What you will do → Write out exactly the lines below from the one containing "Les Chroniques d'Aldrenn" to the last, both ends kept, and nothing more; skip all pictures.

Data excerpt →

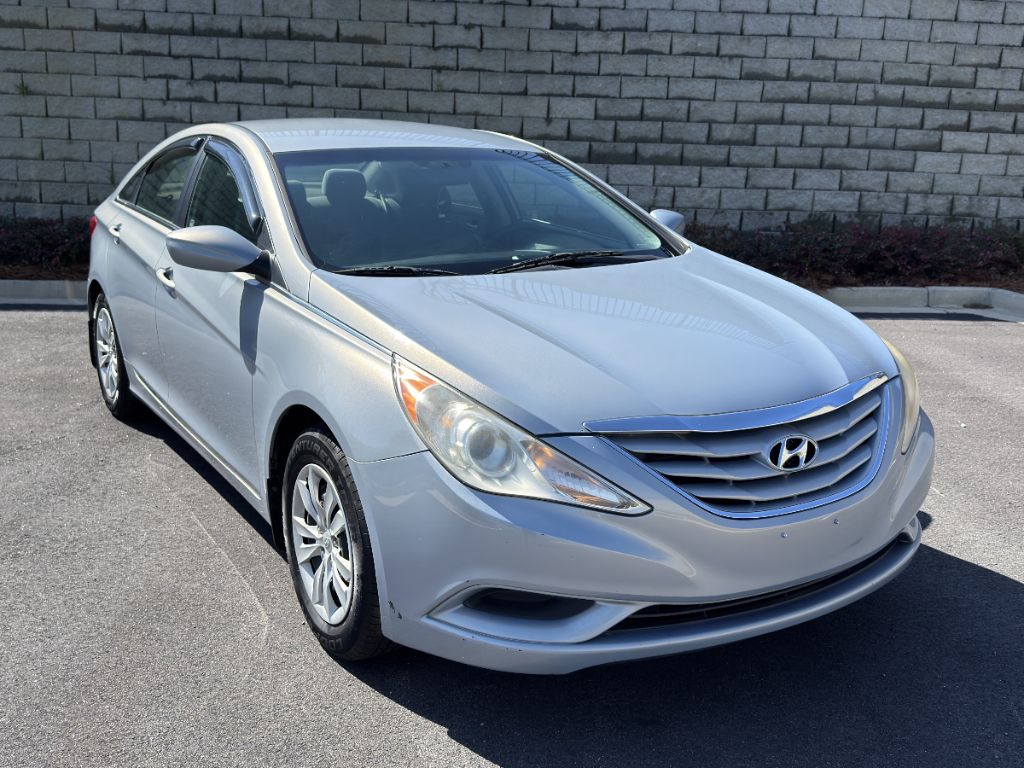2011 Hyundai Sonata GLS photo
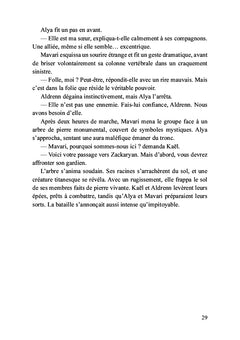 Les Chroniques d'Aldrenn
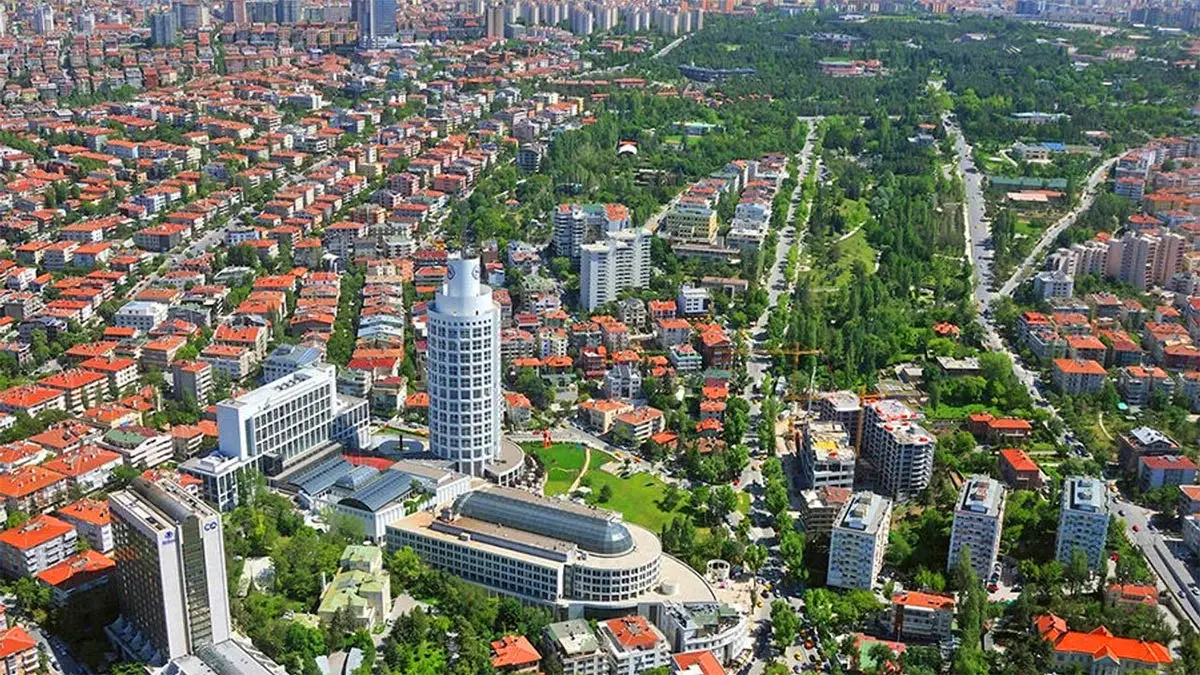 Çankaya ne kadar büyük, neden önemli?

Answer to this problem →
 Les Chroniques d'Aldrenn
 Çankaya ne kadar büyük, neden önemli?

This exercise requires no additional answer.